Em Bauru, nossa agência deflagrou campanhas via SMS para dois candidatos. Ambos eleitos e cientes de que o papel dessa mídia foi decisivo. Aliás, não podemos deixar de mencionar que até mesmo o candidato proprietário de empresa de distribuição de panfletos teve votação irrisória, bem como a candidata proprietária de uma gráfica. Importante enfatizar que, ao contrário do derrame criminoso dos santinhos de papel nos locais de votação, as campanhas via SMS são absolutamente legais. Para quem pesquisa as novas tecnologias da informação e da comunicação e suas possibilidades publicitárias, é importante reconhecer que os santinhos digitais encontram um público novo e aficionado por novas tecnologias, em um mercado de 257,9 milhões de celulares, segundo dados de agosto de 2012, divulgados pela Teleco. Campanhas via celular já estão sendo utilizadas para ações de marketing promocional, institucional e político, por meio de SMS, MMS, mobile pages ou QR-Codes.

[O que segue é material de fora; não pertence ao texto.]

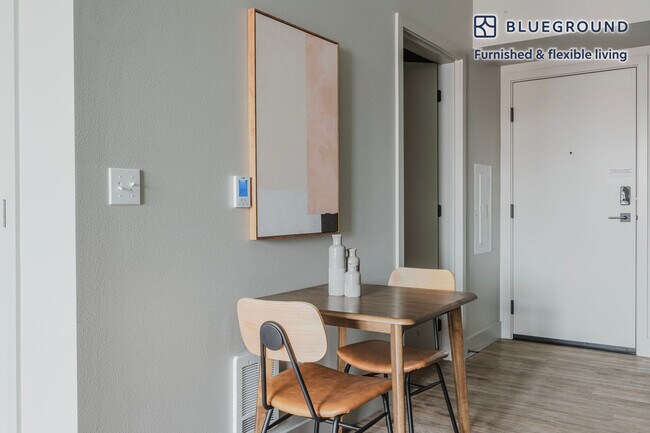 Photo - 104 12th Ave Unidad FL7-ID756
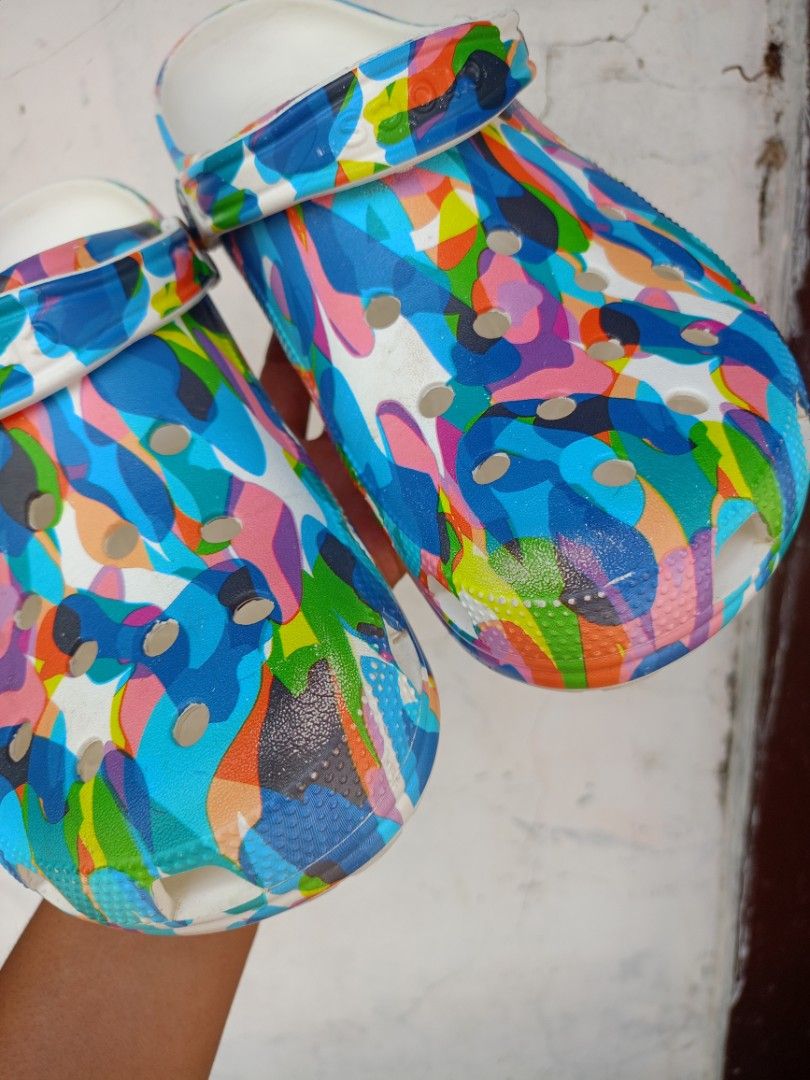 Crocs Classic Clog Multi-Color Abstract Pattern (Category: Slippers & Slides) located in Santiago. Submitted by street.hustlin (Listing ID 1462328316, Image 3). Description: PRE LOVE CROCS Size - 12 mens ( Euro 46 ) 9 / 10 condition Minimal sign of usage Excellent DM 📥 Location Santiago City Isabela ‼️ .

Diante do triste episódio ocorrido em Bauru, lembremos que tanto em Osasco como em Ribeirão Preto os próprios eleitores recolheram o lixo das campanhas. Em Osasco, toneladas de santinhos recolhidos foram depositadas em frente à câmara municipal em protesto contra a sujeira e em Ribeirão Preto estudantes de Direito acionaram o Ministério Público, solicitando providências diante do ilícito. Para os futuros candidatos, portanto, quer o termo "sustentabilidade" ou a expressão "ecologicamente correto" encontre ressonância no repertório ideológico dos mesmos, ou não, mais prudente seria pensar seriamente sobre isso. Ousamos dizer que as novas gerações estão seriamente preocupadas com a saúde do meio ambiente e com os recursos que terão para sobreviver, enquanto que a geração que a antecede, lamentavelmente, se ocupa em cristalizar práticas predatórias, sem se dar ao trabalho da reflexão consequente.

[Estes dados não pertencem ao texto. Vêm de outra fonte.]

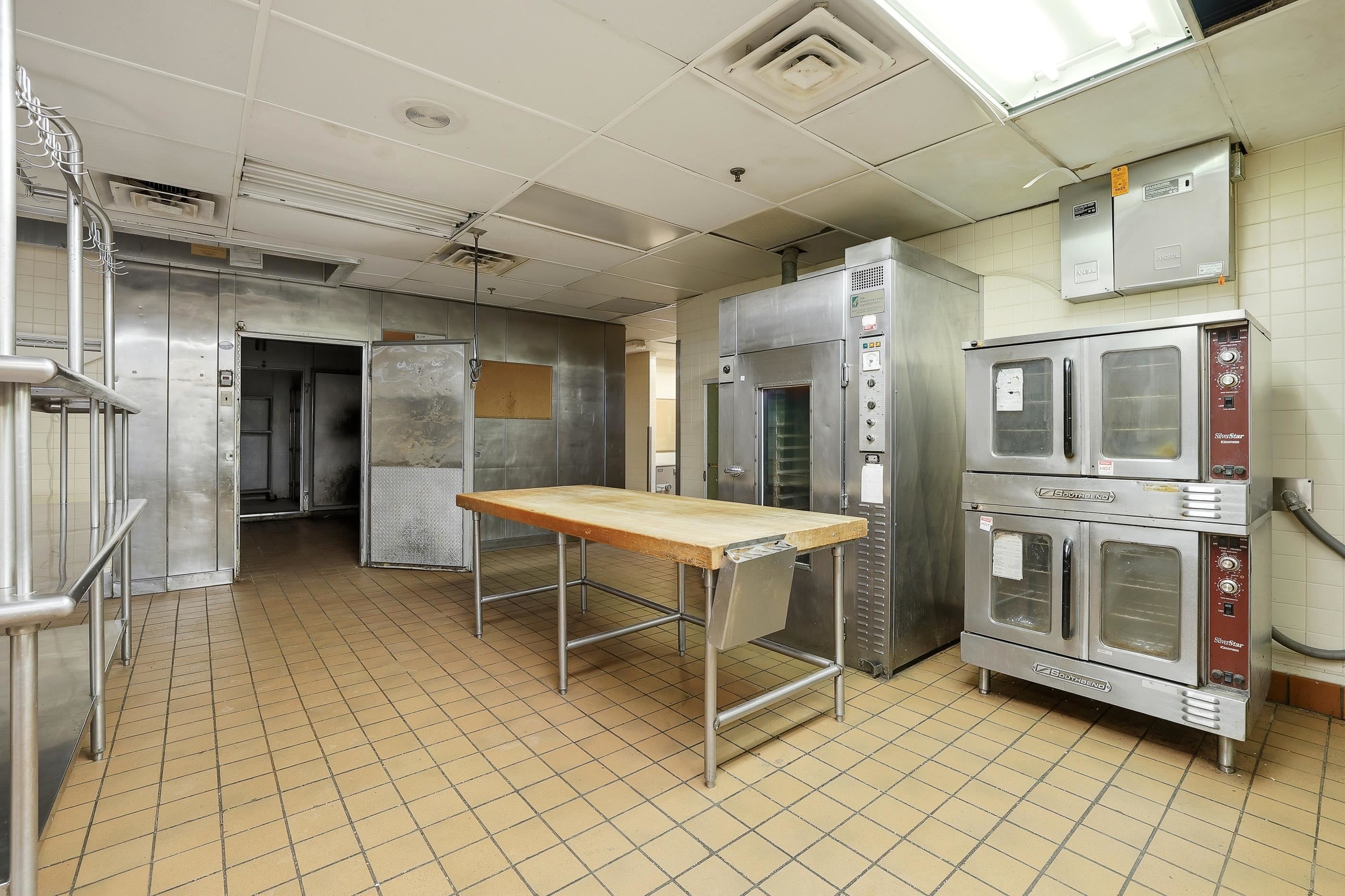 143 N DIVISION STREET, Stevens Point, Wisconsin 54481, ,Commercial/industrial,For Sale,143 N DIVISION STREET,22505699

Esperançosos de que esse quadro se transforme, lembramos ainda que o país se prepara para implementar a Nova Política Nacional de Resíduos Sólidos. A mesma determina que o poluidor é o responsável pelo lixo que produz. Será que essa será apenas mais uma lei que "não vai pegar", no país do "jeitinho"? Optaremos, então, por transformar o país dos mais valiosos e numerosos recursos naturais e biodiversidade do planeta em um gigantesco aterro sanitário, somente? É preciso rever nossas práticas continuamente e exigir que ideias mais ventiladas passem a fazer parte das plataformas daqueles que nos representam, pois compactuar com o novo implica em abandonar, definitivamente, aquilo que para a coletividade só causa prejuízos. Compactuar com o novo implica, portanto, observar e exigir o cumprimento da lei neste caso, regra básica e fundamental para o exercício da cidadania.